Exclusive use area: This is an area of common property co-owned by all owners, but to which only one owner holds the usage rights ie. no one else can use it. Good examples are a garden area directly outside the front or back of an owner’s section or a parking bay.
Levy/levies: Are contributions paid by owners to the body corporate to cover its anticipated expenses. Levies are usually paid monthly and are based on an owner’s PQ.
Managing agent: A person who manages sectional title bodies corporate professionally. They take over the responsibilities from the body corporate for arranging the maintenance of the common property and for collecting levies, calling and arranging meetings and so on. They report to the trustees of the body corporate.
Participation quota (PQ): A value expressed as a percentage that allocates the portion of the body corporate expenses that an owner is liable to pay, as well as the value of an owner’s vote. For residential sections, the PQ is calculated based on the size of the floor area of an owner’s section. Therefore the bigger the section the larger the share of expenses that owner is liable for and also the larger their voting value.
Reserve fund: Also called a sinking fund.

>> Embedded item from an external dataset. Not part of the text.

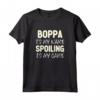 Boppa Is My Name Spoiling Is My Game Funny Maglietta - Perfect Father's Day Gift for Grandpa - Unique Apparel with Humorous Saying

Levies paid into this account are saved and used to cover the costs of future capital expenses such as replacing common property roofing, repainting the building and so on.
Rules: The rules that the owners of units and occupiers of sections must follow.
Section: A portion of a building or property, usually an apartment or townhouse (but may also be a garage, storeroom or other area) which can be separately owned from the rest of the building or property.
Sectional plan: The plan that shows the division of the land and building(s) into sections and common property. A copy of the scheme’s sectional plan will be held at your local Deeds Registry and can be obtained from there.
Sectional title scheme: Is a piece of land with a building(s) where individual owners own portions of the building(s) and co-own the common property. A scheme can be a vertical block of apartments or a one level row of townhouses which may be attached or detached. A scheme has a minimum of two sections and can be used for residential or commercial purposes or a mixture of both.
Trustees: The persons elected by the body corporate at each AGM to represent all the owners in the scheme. The trustees are responsible for the management, administration and maintenance of the common property and they must ensure that all the body corporate’s duties are carried out.
Unit: The ‘thing’ that a sectional title property owner actually owns. This is made up of his section (generally apartment/townhouse) and his undivided share of the common property.
Happy increasing your sectional title knowledge!